Les restaurants étaient gérés par les membres de la FMDD. Ils étaient depuis des années dans le collimateur de la Mission interministérielle de vigilance et de lutte contre les dérives sectaires (Miviludes). L’association Aide aux victimes des dérives de mouvements religieux et à leurs familles (Avref) leur avait aussi consacré un « livre noir » en 2014.

« Un système rodé d’exploitation transnationale »

Leurs employées étaient recrutées jeunes au Burkina Faso, au Cameroun, au Viêt Nam, aux Philippines ou encore au Pérou et œuvraient le plus souvent dans des restaurants de la chaîne L’Eau vive. Lors du procès, la défense avait plaidé la relaxe, insistant sur le statut de « collectivité religieuse » et de « congrégation », reconnu par le Vatican, de la FMDD. Autant d’éléments, selon Mes Jean-Pierre Boivin et Marie-Hélène Chardin, qui excluent toute relation de salariat avec ses membres.

Me Marie-Hélène Chardin, a dénoncé auprès de l’AFP un jugement « inique » et annoncé que l’association avait « d’ores et déjà interjeté appel ». Toujours selon l’avocate, « l’administration, notamment à Marseille, avait validé le mode de fonctionnement » de la FMDD, une « congrégation religieuse » dont les travailleuses missionnaires bénéficient de « l’exception religieuse ». Elles ne sont légalement pas soumises au droit du travail ou au salariat, a encore soutenu Me Chardin, qui avait plaidé à l’audience avec Me Jean-Pierre Boivin la relaxe.

Organisation tentaculaire, Famille missionnaire Donum Dei (FMDD) intervient sur cinq continents dans le monde. Elle prétend s’affranchir du droit du travail au profit du droit canonique.

Avocate de deux anciennes TMI, Me Julie Gonidec avait pointé « un système rodé d’exploitation transnationale », notamment en lien avec le Burkina Faso, destiné à « faire travailler dans des conditions contraires à la dignité humaine » des jeunes femmes, souvent issues de milieu modeste.

Le Parisien

Témoignage d’une victime dans le journal La Provence : "On m’a pris ma vie"
Durant 9 ans, Jeanne (le prénom a été changé) a travaillé du petit jour jusqu’au soir dans les restaurants de L’Eau vive, à Marseille, à Lisieux, à Rome et en Tchéquie... "Jamais je n’ai remis les pieds à l’école", soupire la jeune femme, "recrutée" en 2001 dans la région des Grands lacs, en Afrique.
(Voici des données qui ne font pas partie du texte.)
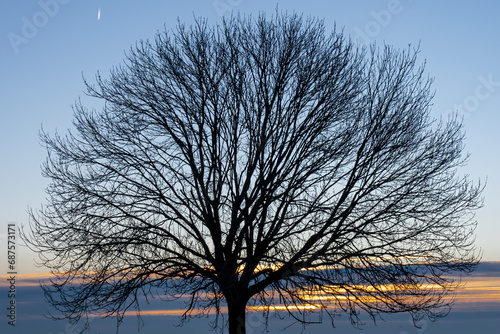 Silhouette view of the top part of a large tree with branches without leaves against a clouded sky during sunset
Le rêve de Jeanne était pourtant de passer son bac et de "servir Dieu. Les TM disaient qu’en Europe, elles me donneraient une éducation, une formation". 17 ans plus tard, elle a plutôt le sentiment d’avoir "servi à table" dans une ambiance pesante. "Même pour 5 minutes aux toilettes, il y avait quelqu’un avec nous, on était épiées." Jeanne ne reçoit ni salaire, ni nouvelles de sa famille. "On pouvait écrire à nos parents mais les lettres étaient-elles mises à la Poste ?"

Grâce au soutien de clients du restaurant et d’un prêtre, elle a pu s’enfuir de Tchéquie. "J’étais détruite, les TM m’ont pris ma vie et ma vocation." Désormais réfugiée en Normandie, elle a porté plainte contre l’association. "Je veux un procès parce que je veux des réponses, et être payée de ce qu’on me doit."